How to handle resistance
“Professionals from all of the organisations involved can get out from behind their desks and let their voices be heard… you hear all concerns and together you make a plan which includes all of the viewpoints. Creating drawings instead of writing invoices allows room to dream and to share your dreams with others. You are used to fighting and negotiating. Now you are successful together without resistance. That’s much more fun. The opposition becomes supporters and maybe even ambassadors. The ‘fun factor’ is especially important. The result? A wide range of good ideas. The challenge now is to get the organisations in line behind the design process participants.” – quote from a living lab participant
Resistance does not have to be negative; it can even be a good sign that someone is making clear that an interest is being overlooked. Flexibility is necessary, as well as good listening skills and asking questions to get to the heart of the matter.
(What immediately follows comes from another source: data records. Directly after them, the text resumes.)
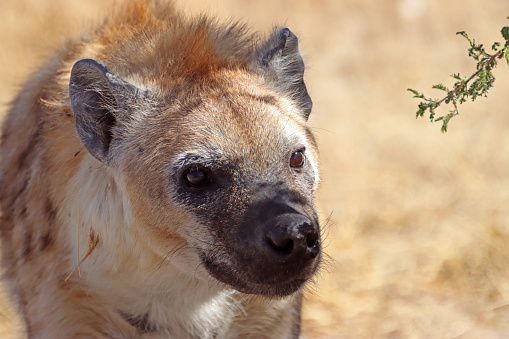 Close-up of a wild spotted hyena in the Namibian desert. African wildlife photography.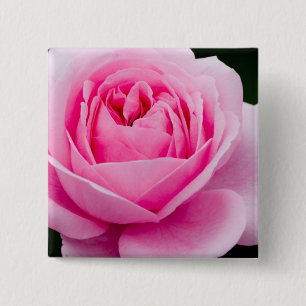 Pastellrosa-Rosen-Button Button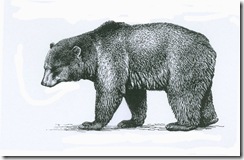 ursus arctos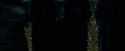 OdF-Potterish_8545.jpg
Resistance occurs when someone or a group feels that their interests are not being respected. Give this person the space to express the concern and show respect without judgement. Figure out how this concern can be integrated into the whole. The resistance will usually disappear.
By respecting everyone’s interests, the living lab is the perfect way to overcome resistance and apply it in a productive way. Often people with resistance are very committed people! Obviously this will not work all the time; later in the process conflicts of interest can also arise.
The second design session
The designer gives a visual report of the results from the first session. There is an opportunity to provide additional information from stakeholders, for example as a result of the “homework” and new insights.
In the second design session participants will work in groups, depending on the number of participants. Ideas from the first session can be expanded upon or work can be done on a new focus, depending on the established objectives. The goal is a cohesive and presentable final product.
Embedding and transferring to administrators
At the end of the second session the ideas developed are summarised and presented to the relevant administrators, unless they have participated in the process. These administrators can then indicate what they plan to do with the results.
Agreements are made for the further implementation of the ideas, for example which person or combination of participants will be the leader for certain ideas developed in the living lab. How the results can be anchored in the regular planning process should be discussed, for example in the zoning plan, environmental impact assessment, or master plan.
Conclusion: visual report and action plan
“The living lab has value if everyone can carry on individually with a follow-up activity.” – quote from a living lab participant.
Following the living lab, a written report, enhanced with sketches, is put together by the process leader together with the designer. The report is a summary of all the ideas developed and a presentation about them that can be used by the various stakeholders to convey the results back in their organisations.
The final results of the two sessions demonstrate how the challenge for space, climate and sustainability in conjunction with one another can result in new chances. If the process goes well, the result is clear, adequate and realistic. It creates enthusiasm to continue to develop ideas or even to eventually realise them.
What does a living lab produce?
“The added value of a living lab is the open character. People speak more freely, are more creative, put their own interests aside in favour of the greater concern.” – quote from a living lab participant.
A living lab delivers a shared vision, concrete measures and process agreements for the follow-up, and implementation alliances.
Another important advantage is that project employees from different departments and organisations get to know each other, learn new forms of working together and get to know new subjects that cross over disciplines. That is often the feeding ground for good collaboration in the future and for other projects.